» Information shown:
# # # # #

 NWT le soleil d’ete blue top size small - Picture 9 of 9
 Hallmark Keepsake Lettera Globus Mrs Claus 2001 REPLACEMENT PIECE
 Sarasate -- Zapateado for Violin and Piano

# # # # #

Produce a faithful copy of all the material above.

 NWT le soleil d’ete blue top size small - Picture 9 of 9
 Hallmark Keepsake Lettera Globus Mrs Claus 2001 REPLACEMENT PIECE
 Sarasate -- Zapateado for Violin and Piano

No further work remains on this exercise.